Hawai'i also has connections to the dispute over the estate of artist Georgia O'Keeffe. The will she signed in 1979 at age 91, and additions to her will five years later, gave her assistant, part-time Hawai'i resident Juan Hamilton, 70 percent of her $70 million estate. The will was contested by members of her family, including niece June Sebring, who lives in Hawai'i. The Georgia O'Keeffe Foundation, born of a bitter lawsuit between Hamilton and the relatives, has overseen the distribution of her works.

Those cases are the extreme, though, said Larsen, who has a good story about a multimillion-dollar estate being divided among three children.

"They worked it out until they got to the lawn furniture," he said. "It was from Sears & Roebuck, worth about $200. The kids were certain they wanted to fight. They each hired separate lawyers."

When they got to court, "the judge said 'sell it,' " Larsen said. "The kids said no. She said, 'Figure it out,' rapped her gavel and said, 'Next case.' "

Talk it out

The biggest problem in estate planning is a lack of communication, estate planners say.

People don't want to think about their mortality or talk about what should happen after they are gone, and many people keep their plans secret.

There's no one plan that works for sure, said Rowen Young, a probate lawyer who has a weekly radio show about living trusts and probate on KHVH 830 AM.

"One of the true things you leave to your children is wisdom," he said. "The smart people will give everything away before they die to avoid lots of fights."

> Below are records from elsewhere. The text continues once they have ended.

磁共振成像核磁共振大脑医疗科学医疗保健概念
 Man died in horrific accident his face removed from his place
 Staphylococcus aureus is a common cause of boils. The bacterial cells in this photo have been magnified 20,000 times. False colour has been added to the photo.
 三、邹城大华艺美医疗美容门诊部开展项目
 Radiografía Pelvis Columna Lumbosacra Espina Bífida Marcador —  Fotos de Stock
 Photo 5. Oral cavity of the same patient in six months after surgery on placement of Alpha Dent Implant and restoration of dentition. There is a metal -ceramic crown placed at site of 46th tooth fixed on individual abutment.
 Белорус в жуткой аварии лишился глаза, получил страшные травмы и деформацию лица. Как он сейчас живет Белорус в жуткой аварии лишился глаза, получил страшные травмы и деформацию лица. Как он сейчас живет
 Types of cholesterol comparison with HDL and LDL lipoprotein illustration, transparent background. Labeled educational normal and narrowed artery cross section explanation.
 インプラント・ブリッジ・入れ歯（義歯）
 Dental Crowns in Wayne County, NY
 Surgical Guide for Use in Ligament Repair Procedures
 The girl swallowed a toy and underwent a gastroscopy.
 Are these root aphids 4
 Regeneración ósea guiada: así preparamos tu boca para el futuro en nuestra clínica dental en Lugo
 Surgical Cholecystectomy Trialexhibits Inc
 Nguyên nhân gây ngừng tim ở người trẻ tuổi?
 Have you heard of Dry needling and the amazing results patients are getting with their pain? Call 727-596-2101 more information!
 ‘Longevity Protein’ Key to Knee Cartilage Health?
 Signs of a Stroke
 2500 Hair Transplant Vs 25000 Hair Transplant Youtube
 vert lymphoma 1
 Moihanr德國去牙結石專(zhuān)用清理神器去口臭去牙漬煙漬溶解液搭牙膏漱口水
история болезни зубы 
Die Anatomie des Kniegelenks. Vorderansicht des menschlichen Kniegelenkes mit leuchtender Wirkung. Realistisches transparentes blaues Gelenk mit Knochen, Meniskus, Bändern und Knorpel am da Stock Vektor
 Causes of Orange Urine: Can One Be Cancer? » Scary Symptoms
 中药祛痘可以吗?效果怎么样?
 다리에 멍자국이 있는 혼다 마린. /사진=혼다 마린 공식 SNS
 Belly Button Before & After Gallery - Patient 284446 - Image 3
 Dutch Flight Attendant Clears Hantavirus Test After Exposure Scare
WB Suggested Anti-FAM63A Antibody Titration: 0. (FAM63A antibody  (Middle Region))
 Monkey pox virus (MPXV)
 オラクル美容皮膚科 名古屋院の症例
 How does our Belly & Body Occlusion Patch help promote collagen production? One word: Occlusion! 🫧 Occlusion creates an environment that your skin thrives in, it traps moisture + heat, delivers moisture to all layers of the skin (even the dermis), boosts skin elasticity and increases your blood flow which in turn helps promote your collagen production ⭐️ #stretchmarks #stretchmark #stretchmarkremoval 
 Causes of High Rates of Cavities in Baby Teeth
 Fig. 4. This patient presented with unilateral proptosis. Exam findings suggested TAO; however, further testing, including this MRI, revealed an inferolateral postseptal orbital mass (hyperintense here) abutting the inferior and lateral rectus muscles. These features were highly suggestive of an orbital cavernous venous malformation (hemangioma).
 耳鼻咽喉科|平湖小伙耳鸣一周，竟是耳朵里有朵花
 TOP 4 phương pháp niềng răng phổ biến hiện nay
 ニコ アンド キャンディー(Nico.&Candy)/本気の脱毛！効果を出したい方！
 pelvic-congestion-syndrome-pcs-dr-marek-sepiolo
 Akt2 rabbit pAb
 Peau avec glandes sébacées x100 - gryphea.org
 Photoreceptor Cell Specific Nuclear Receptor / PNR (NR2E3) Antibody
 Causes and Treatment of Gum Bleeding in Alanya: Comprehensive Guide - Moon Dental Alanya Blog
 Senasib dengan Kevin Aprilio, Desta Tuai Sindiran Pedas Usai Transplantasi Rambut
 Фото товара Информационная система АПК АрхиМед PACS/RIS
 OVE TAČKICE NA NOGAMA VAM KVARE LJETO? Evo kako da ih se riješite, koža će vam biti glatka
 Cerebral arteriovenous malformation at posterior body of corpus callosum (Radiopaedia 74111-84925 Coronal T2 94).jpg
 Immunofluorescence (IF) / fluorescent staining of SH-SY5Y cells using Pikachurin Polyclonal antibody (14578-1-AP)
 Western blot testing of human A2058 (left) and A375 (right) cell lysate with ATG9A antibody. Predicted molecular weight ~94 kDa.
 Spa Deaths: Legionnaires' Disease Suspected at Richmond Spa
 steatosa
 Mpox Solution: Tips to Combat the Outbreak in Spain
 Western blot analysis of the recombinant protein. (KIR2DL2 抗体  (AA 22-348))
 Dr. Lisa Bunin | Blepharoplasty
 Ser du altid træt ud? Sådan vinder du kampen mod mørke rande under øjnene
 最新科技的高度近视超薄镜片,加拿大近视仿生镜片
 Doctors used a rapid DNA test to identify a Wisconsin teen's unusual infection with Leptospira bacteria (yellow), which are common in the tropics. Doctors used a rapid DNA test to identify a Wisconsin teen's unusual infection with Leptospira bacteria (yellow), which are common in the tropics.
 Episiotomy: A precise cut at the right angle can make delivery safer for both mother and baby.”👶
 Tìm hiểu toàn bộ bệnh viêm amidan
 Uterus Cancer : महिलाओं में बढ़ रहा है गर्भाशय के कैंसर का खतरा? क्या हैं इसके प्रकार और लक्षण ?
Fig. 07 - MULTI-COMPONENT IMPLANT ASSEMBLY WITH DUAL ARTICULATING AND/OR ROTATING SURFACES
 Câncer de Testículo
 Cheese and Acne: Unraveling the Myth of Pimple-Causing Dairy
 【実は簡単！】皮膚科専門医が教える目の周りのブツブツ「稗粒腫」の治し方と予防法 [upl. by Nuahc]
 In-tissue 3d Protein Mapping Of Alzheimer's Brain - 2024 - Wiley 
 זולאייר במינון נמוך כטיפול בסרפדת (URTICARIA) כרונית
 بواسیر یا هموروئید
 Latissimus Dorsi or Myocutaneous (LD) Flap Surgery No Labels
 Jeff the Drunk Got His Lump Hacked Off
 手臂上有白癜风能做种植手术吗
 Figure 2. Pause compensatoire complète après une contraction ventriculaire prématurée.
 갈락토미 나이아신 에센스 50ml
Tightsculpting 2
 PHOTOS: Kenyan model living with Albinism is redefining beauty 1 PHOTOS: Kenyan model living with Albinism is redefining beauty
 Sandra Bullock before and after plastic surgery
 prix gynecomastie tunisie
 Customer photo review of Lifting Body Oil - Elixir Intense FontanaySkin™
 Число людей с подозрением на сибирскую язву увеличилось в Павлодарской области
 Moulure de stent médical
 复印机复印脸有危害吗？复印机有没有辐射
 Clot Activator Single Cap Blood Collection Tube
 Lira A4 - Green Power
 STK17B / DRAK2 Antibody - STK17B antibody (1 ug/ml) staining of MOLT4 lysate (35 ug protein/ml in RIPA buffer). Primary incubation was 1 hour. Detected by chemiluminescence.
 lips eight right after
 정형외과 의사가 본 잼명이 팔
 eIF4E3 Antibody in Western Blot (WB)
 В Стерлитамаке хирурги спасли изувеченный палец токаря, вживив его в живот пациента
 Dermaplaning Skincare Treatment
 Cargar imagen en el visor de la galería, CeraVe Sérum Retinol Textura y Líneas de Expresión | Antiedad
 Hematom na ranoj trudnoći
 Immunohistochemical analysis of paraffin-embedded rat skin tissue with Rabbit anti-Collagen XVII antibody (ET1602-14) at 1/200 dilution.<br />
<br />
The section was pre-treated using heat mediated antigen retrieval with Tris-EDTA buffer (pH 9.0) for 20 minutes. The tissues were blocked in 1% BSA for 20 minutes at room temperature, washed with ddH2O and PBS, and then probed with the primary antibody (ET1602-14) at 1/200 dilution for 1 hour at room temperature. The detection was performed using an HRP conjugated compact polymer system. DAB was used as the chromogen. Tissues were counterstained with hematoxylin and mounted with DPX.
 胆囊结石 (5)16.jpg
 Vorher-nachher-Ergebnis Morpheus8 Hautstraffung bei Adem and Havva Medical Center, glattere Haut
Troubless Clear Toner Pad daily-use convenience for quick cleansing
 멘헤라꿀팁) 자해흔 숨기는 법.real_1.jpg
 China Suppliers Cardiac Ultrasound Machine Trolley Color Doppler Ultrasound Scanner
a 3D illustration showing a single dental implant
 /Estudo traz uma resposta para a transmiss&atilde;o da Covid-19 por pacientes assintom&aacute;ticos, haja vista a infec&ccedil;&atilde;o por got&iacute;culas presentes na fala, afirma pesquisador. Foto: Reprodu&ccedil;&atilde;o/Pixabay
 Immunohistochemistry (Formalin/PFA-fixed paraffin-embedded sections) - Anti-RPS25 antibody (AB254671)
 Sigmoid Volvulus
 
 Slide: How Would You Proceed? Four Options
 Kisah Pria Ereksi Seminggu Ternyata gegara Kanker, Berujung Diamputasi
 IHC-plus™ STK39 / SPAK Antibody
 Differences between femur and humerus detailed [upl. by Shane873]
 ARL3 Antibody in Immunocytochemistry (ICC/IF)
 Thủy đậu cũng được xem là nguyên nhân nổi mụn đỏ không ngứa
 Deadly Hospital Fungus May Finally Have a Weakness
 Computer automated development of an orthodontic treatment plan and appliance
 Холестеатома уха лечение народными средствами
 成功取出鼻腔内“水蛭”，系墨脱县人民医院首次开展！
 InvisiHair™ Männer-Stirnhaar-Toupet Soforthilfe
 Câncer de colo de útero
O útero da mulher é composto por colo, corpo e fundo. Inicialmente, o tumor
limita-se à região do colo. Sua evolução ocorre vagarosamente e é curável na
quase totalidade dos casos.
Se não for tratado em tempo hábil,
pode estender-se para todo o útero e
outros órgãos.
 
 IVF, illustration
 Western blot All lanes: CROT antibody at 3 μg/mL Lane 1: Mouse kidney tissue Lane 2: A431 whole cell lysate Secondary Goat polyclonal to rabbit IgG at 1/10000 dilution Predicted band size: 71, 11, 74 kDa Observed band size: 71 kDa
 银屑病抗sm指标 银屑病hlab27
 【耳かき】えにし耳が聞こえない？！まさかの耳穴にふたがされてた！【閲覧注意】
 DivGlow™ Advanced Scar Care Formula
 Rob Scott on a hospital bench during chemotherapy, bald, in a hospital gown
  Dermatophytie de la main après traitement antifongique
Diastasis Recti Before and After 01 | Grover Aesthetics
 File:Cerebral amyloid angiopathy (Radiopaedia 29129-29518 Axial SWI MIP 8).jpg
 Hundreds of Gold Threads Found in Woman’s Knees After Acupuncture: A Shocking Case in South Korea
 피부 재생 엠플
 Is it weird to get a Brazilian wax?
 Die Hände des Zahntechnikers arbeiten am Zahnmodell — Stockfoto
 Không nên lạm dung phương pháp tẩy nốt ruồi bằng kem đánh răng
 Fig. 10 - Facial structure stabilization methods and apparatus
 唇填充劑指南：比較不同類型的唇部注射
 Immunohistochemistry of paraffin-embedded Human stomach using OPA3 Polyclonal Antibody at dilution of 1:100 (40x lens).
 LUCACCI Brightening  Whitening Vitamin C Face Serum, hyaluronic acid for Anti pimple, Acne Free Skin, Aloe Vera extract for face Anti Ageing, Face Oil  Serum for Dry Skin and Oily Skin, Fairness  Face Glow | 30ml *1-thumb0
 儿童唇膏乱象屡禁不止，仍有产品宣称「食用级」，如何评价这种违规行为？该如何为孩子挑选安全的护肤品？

That's what Kathy Hallock's 79-year-old mother is doing.

Hallock already has her mom's stainless steel bowl in the kitchen and treasures the thimble and sewing scissors passed down from her grandmother and her mother.

Hallock's husband, Don, a family therapist, has a 4-by-5-inch view camera on a wooden tripod, passed down from his late father, a former park ranger and friend of famed photographer Ansel Adams.

Don also has his dad's 1920s-era binoculars inscribed with his dad's fraternity letters.

But when his dad died, Don didn't want more from his father's second family. He had all of the memories he needed.

The greatest legacy of Kathy and Don's fathers may be that their families have remained close in their absence.

"When families want to fight more than they want to cooperate, they will fight," Kathy Hallock said. "If they want to cooperate more than they want to fight, they will cooperate."